In attendance were representatives of the CAA, ASA and CRA as well as many insurers. There were only two shop owners at the hearing. If the new changes are accepted, the labor rate survey as a determinant of shop labor rates will soon be a thing of the past.
The amended definition of an auto body repair labor rate survey is "any gathering of information, from auto body repair shops regarding what auto body repair labor rate the repair shops charge, used to determine and set a specified prevailing auto body repair rate in a specific geographic area
"For purposes of a survey conducted pursuant to California Insurance Code Section 758(c) prevailing auto body rate means the greater of: (1) the mean average labor rate charged by auto body repair facilities in the specific geographic area or (2) the rate, at or below which, the majority of surveyed shops charge in a specific geographic area,
Amended language also prohibits insurers from using any discounted rate negotiated with members of its DRP as part of a labor rate survey to set the prevailing auto body rates in a specific geographic area. The insurer may include non-discounted or non-contracted rate of a DRP in its survey.
Change of purpose
The amended regulation relegates labor rate surveys to a resource document. The main purpose of a survey is to inform the public about the prevailing labor rate charges in a specific geographic area and to provide a starting point for negotiating labor rates with collision repair shops. A survey cannot be used to put a cap on or reduce the labor rate charged on an estimate or repair order.
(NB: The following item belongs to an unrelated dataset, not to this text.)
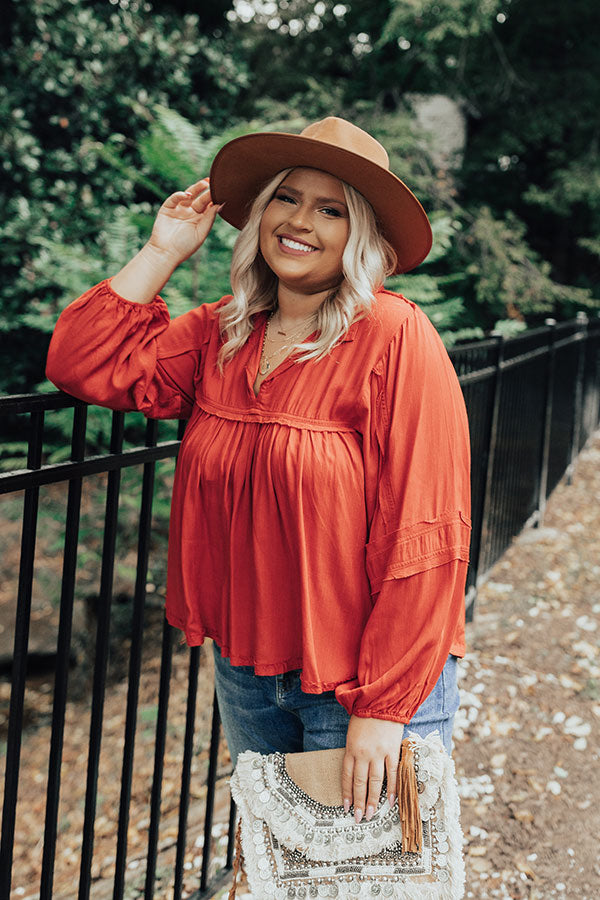 The Bayle Babydoll Shift Top in Rust Curves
However, there is nothing in the regulations requiring an insurer to pay more than the reasonable rate necessary to perform workmanlike repairs. The insurer is free to voluntarily negotiate with a repair facility for a specific labor rate. Furthermore, there is no requirement for an insurer to conduct an auto body labor rate survey at all.
If an insurer decides to conduct a labor rate survey, certain conditions apply.
To be a statistically valid survey, the insurer must survey all known auto body repair shops licensed to perform collision repairs by the BAR in a specific geographic area. All shops that respond to the survey, and which meet the necessary standards, will be used to determine the prevailing auto body rate in that geographic area.
In addition, the survey can only use labor rates of auto body repair shops licensed by the BAR to perform auto body collision repairs.
An insurer may only use labor rates in a survey reported by shops that meet specific standards ranging from meeting equipment requirements determined by BAR to proof of insurance - all of which are detailed in the regulation.
(The fact that a shop does not meet these standards should not be construed as permission for an insurer to imply that the shop is inferior or should not be used by the claimant to perform repairs, but only that this shop's labor rate may not be used in a survey.)
Three property/casualty trade associations are claiming that California policyholders would see their auto insurance premiums increase under the proposed regulations that the trade groups perceive mandate inflated payments to auto body shops for insured repair work, Testimony was provided at the hearings on behalf of the Personal Insurance Federation of California (PIFC), the Association of California Insurance Companies (ACIC) and the American Insurance Association (AIA).
"These regulations exceed the authority granted to the department," said Ken Gibson, vice president, Western Region of the AIA. He explained, "State law enacted in 2000 - which is the basis for the regulation - requires insurers to report labor rate survey results to the department. The law does not give the department any authority to dictate how the surveys are to be conducted."
"The proposed regulations far exceed existing law by attempting to establish a method for conducting the surveys. They also mandate a badly flawed scheme for calculating the prevailing rate by inflating the prices in the survey," said ACIC President Sam Sorich.
"The proposed regulations would force insurers to pay body shops their 'posted rates,' which are higher than the actual rates insurers regularly pay for work. These regulations are an unfair give-away to auto body shops and will result in higher costs for honest insurance policyholders," said PIFC President Rex Frazier."
"These regulations will force insurers to make calculations based on inflated rates, which would translate into higher repair costs. That may be good for the repair shops, but not for California policyholders," said the association officials.
However, language to the contrary is built into the regulation to prevent just such an eventuality.